#### SUPPLIED MATERIAL
☆ ☆ ☆ ☆ ☆ ☆ ☆

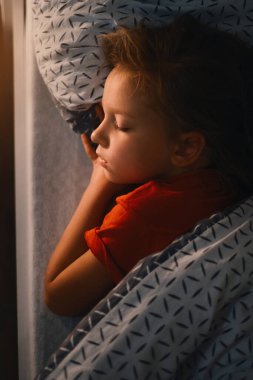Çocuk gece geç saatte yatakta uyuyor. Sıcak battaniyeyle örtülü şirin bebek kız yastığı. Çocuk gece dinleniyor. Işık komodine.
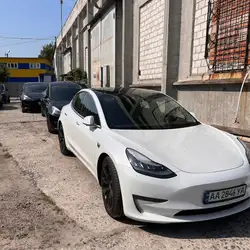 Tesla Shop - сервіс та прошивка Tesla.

☆ ☆ ☆ ☆ ☆ ☆ ☆

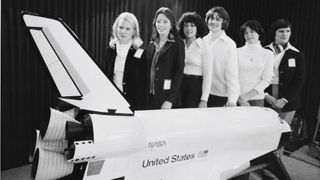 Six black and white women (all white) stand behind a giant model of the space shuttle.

☆ ☆ ☆ ☆ ☆ ☆ ☆

Exactly reproduce the lines above, starting at the one that contains "Çocuk gece geç" and ending at the one that contains "Tesla Shop - сервіс та прошивка Tesla.", both inclusive; leave the pictures out and add no other lines.

#### REPLY
Çocuk gece geç saatte yatakta uyuyor. Sıcak battaniyeyle örtülü şirin bebek kız yastığı. Çocuk gece dinleniyor. Işık komodine.
 Tesla Shop - сервіс та прошивка Tesla.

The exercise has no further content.